Network18 Media & Investments Ltd Q3 FY26 – ₹539 Cr Revenue, EPS (-₹0.04), Debt ₹3,217 Cr & a P/E That Refuses to Blink
1. At a Glance – Blink and You’ll Miss the Profit
Network18 Media & Investments Ltd is trading at around ₹40.9 with a market capitalisation of roughly ₹6,310 crore, which already tells you one thing: the market is confused but entertained. In the last three months, the stock has corrected sharply (down about 18.5%), six months look uglier (down 33%), and one year feels like a bad OTT sequel no one asked for (down nearly 28%). Yet here we are, staring at a trailing P/E of ~189 for a company whose ROE is -3.34% and ROCE is barely breathing at 0.61%.
The latest quarter (Q3 FY26, December 2025) shows consolidated revenue of ₹539 crore and PAT of -₹5.29 crore, with EPS at -₹0.04. Annualise that quarterly EPS (because yes, this is a Quarterly Results case) and you get -₹0.16. Still, the enterprise value sits at about ₹9,520 crore, debt is ₹3,217 crore, and EV/EBITDA is ~25.4x.
This is not a boring company. This is a company where news channels, OTT platforms, digital portals, restructuring charges, exceptional items, and promoter reshuffles all meet for chai and argument every quarter. Curious already? Good. You should be.
2. Introduction – India’s Loudest Newsroom With the Quietest Margins
If Indian media were a joint family, Network18 would be the loud uncle who owns half the house, invites everyone for dinner, but somehow still complains about cash flow. It is India’s most diversified media group, with exposure across TV news, entertainment, sports, digital publishing, OTT, and even ticketing via its stake in BookMyShow. On paper, this looks like a dream portfolio. In the P&L, it looks more like a reality show with eliminations every season.
Over the years, Network18 has built reach that most media companies can only fantasise about: over 700 million TV viewers every month, 200+ million digital reach, 240 million average monthly reach on JioCinema, and a social media footprint that would make influencers jealous. CNBC-TV18, News18, CNN-News18, Moneycontrol, Firstpost, Colors, MTV, Nickelodeon — these are not small brands. These are household names.

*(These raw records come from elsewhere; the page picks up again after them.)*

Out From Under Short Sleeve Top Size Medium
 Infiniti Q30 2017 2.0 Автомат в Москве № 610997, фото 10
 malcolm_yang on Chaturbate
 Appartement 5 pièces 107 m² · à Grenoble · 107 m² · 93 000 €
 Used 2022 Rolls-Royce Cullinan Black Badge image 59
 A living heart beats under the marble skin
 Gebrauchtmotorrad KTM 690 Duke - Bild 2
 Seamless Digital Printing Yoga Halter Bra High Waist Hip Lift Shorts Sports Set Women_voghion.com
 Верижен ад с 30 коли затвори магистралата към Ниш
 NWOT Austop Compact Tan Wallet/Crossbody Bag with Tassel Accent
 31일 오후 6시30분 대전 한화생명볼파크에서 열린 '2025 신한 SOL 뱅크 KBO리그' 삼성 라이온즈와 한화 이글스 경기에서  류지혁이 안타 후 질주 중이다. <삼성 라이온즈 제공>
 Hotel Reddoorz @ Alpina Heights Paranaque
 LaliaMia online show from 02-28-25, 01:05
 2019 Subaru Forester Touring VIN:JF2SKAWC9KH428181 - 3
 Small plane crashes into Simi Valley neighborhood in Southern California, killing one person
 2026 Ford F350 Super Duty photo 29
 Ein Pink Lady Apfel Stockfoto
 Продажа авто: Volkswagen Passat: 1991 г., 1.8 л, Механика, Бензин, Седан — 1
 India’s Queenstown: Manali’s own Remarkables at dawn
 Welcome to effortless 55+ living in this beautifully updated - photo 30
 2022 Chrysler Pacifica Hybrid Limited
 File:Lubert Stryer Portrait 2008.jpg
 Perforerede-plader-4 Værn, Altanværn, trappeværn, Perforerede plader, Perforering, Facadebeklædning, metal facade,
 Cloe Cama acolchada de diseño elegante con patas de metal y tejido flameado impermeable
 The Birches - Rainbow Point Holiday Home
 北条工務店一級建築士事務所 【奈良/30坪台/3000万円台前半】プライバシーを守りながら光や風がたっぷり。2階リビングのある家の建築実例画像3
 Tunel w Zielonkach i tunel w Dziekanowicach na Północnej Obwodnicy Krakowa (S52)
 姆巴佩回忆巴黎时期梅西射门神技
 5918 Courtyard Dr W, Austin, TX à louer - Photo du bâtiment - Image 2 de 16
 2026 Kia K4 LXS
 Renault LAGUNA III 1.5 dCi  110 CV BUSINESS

And yet, profitability has been as elusive as a calm prime-time debate. FY25 ended with a massive consolidated loss, helped (or hurt) by restructuring, demerger of Viacom18, and exceptional items that read like footnotes but hit like plot twists. Q3 FY26 tried to look better operationally, but bottom-line consistency is still missing.
So the question is simple: is this chaos before clarity, or just a very expensive media circus?
3. Business Model – WTF Do They Even Do?
Explaining Network18’s business model to a lazy but smart investor is like explaining the Marvel Cinematic Universe to someone who’s only seen Iron Man once.
At the core, Network18 operates across three broad verticals:
Broadcasting (News): Through TV18 Broadcast, the group runs one of the largest news networks in India. Business news (CNBC-TV18), English and Hindi general news (CNN-News18, News18 India), and 14 regional channels across multiple languages. Advertising and subscription revenues dominate here, but news is a high-cost, high-noise business. TRPs fluctuate, ad rates are cyclical, and regulatory fines occasionally say hello.
Television & OTT (via Viacom18 – historically): Colors, MTV, Nickelodeon, youth content, kids content, movies, sports, and now JioCinema. This was the crown jewel, but Viacom18 ceased to be a subsidiary after restructuring. The strategic partnership with Reliance, Bodhi Tree Systems, and Paramount brought in ₹15,145 crore of cash at the Viacom18 level, but Network18’s direct benefit is now more indirect.
Digital Content & Platforms: This is where Moneycontrol, News18.com, Firstpost, CNBCTV18.com, and digital magazines like Forbes India sit. Digital reach is massive, engagement is strong, but monetisation is still catching up with ambition. Digital ads are growing, but costs are not exactly shy.
In short, Network18 sells attention — on TV, on mobile screens, on OTT apps, and sometimes at movie theatres. The challenge is converting all that attention into steady cash without burning capital like a Diwali sparkler.